EXERCISE AIM:
Transcribe these records exactly, dropping every picture.

══ THE INPUT

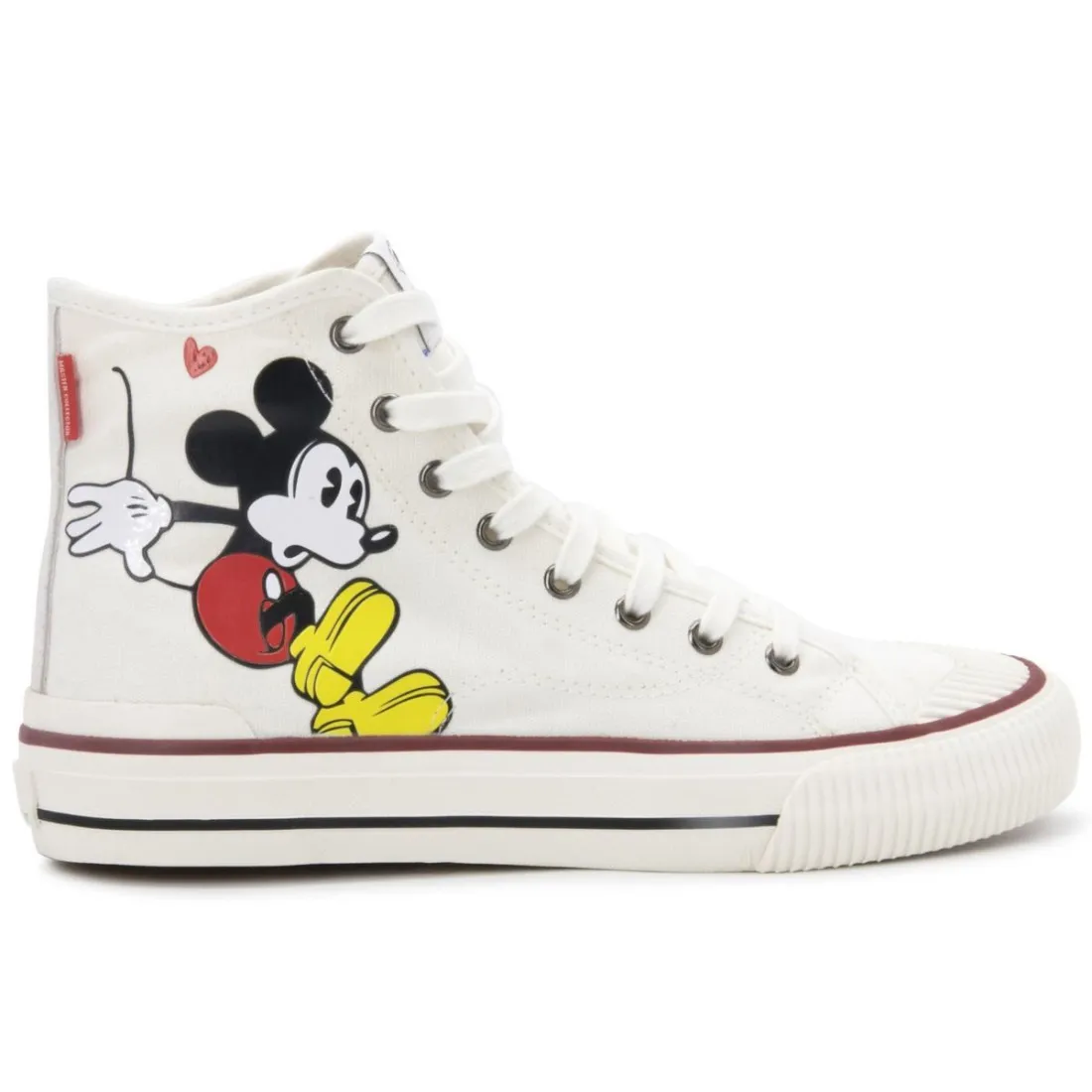 Sneaker high-top MOA Master collector Topolino panna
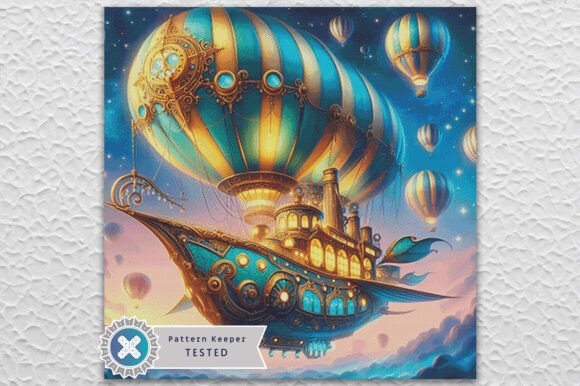 Steampunk Cross Stitch Pattern PDF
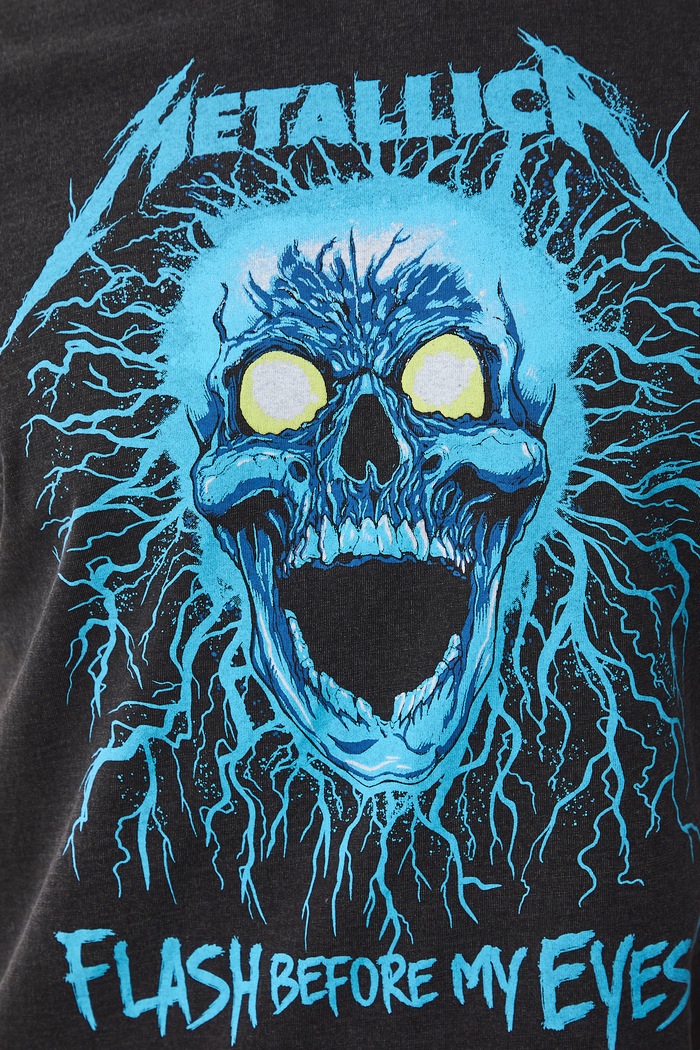 T-shirt męski bawełniany Metallica RS26-TSM672 szary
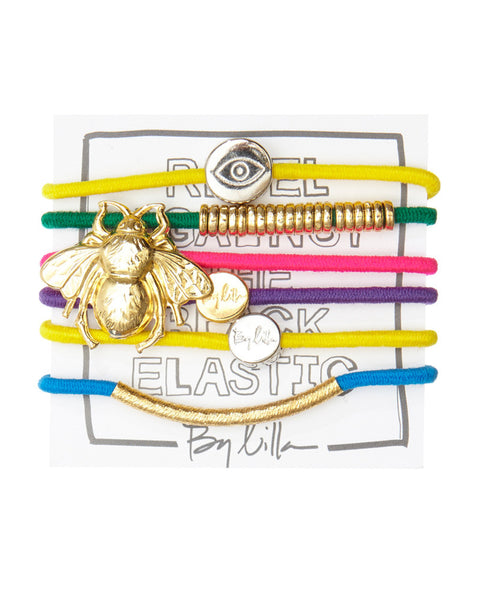 by lilla hair tie bracelet set neon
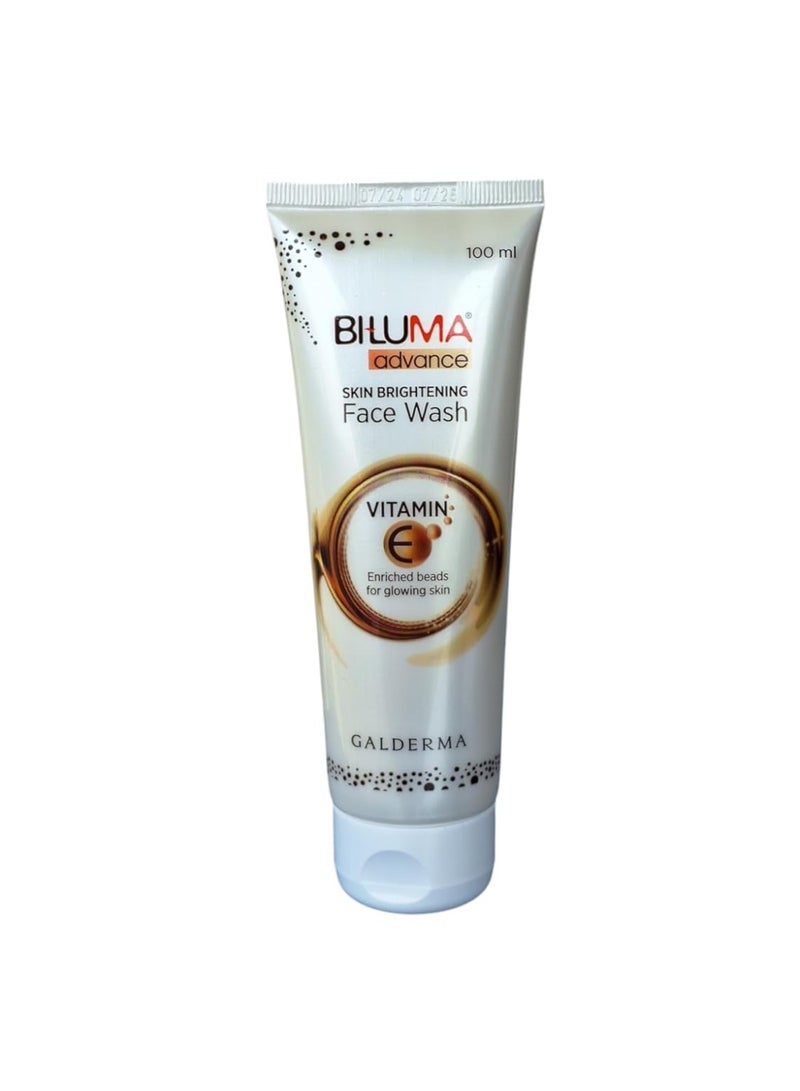 Biluma Advanced Daily Skin Brightening and Rejuvenating Face Wash with Vitamin E, Aloe Vera, and Licorice Root Extract for Radiant and Even-Toned Skin (100 ml) - Image 1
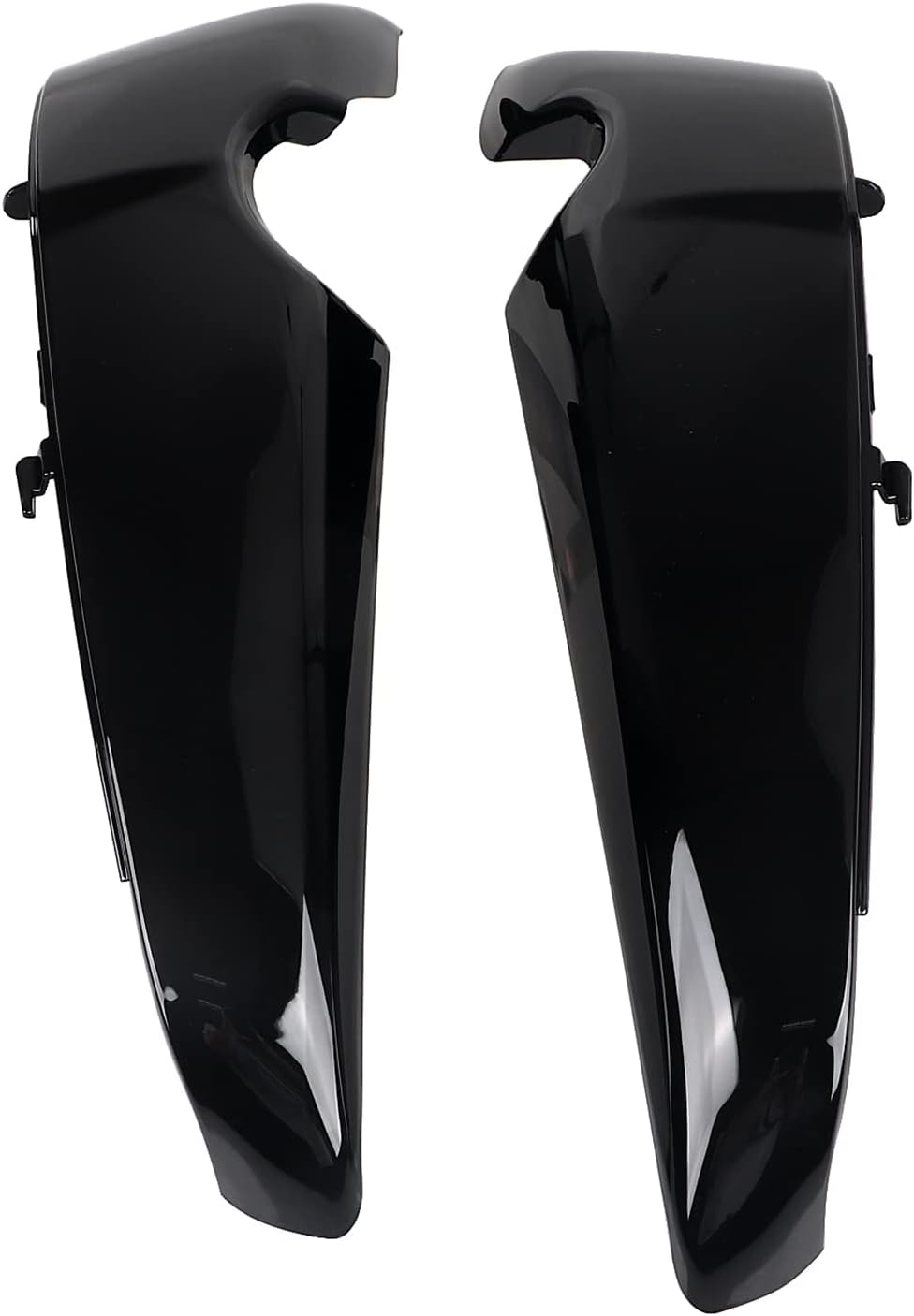 Gloss Black Left Right Radiator Side Covers Shrouds Panel Fairing For Harley V Rod VROD VRSC 2001-UP（Do not fit V-Rod Muscle)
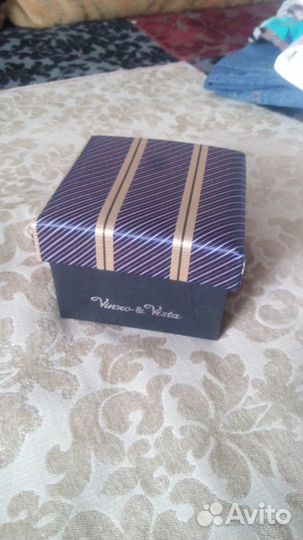 Подарочный набор: Галстук, запонки, зажим, 2платка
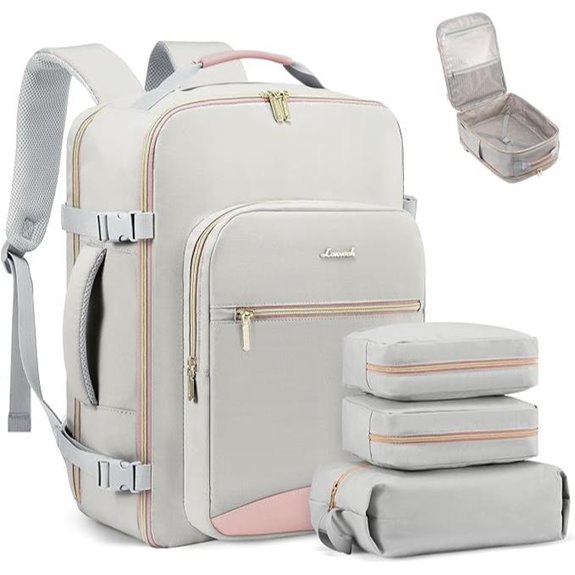 LOVEVOOK 40L Travel Backpack with Packing Cubes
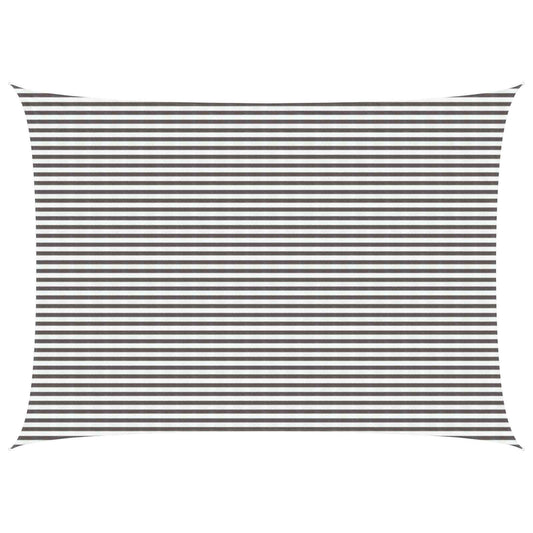 Sunshade Sail Light Grey and White 5 x 6 m HDPE
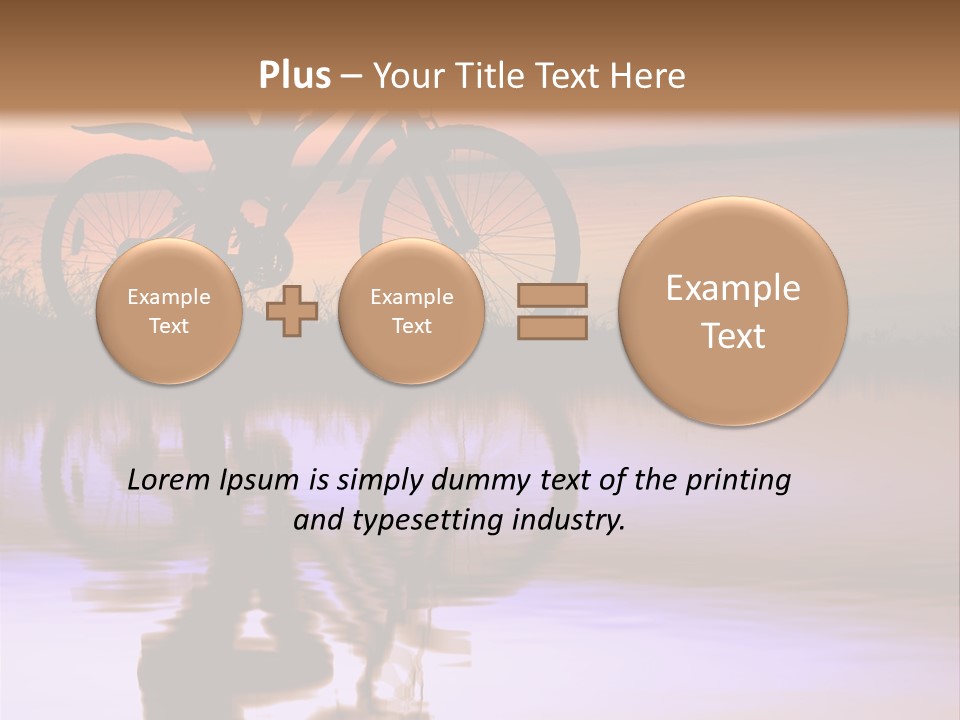 White Industry Temperature PowerPoint Template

════

RESULT OF THIS EXERCISE:
 Sneaker high-top MOA Master collector Topolino panna
 Steampunk Cross Stitch Pattern PDF
 T-shirt męski bawełniany Metallica RS26-TSM672 szary
 by lilla hair tie bracelet set neon
 Biluma Advanced Daily Skin Brightening and Rejuvenating Face Wash with Vitamin E, Aloe Vera, and Licorice Root Extract for Radiant and Even-Toned Skin (100 ml) - Image 1
 Gloss Black Left Right Radiator Side Covers Shrouds Panel Fairing For Harley V Rod VROD VRSC 2001-UP（Do not fit V-Rod Muscle)
 Подарочный набор: Галстук, запонки, зажим, 2платка
 LOVEVOOK 40L Travel Backpack with Packing Cubes
 Sunshade Sail Light Grey and White 5 x 6 m HDPE
 White Industry Temperature PowerPoint Template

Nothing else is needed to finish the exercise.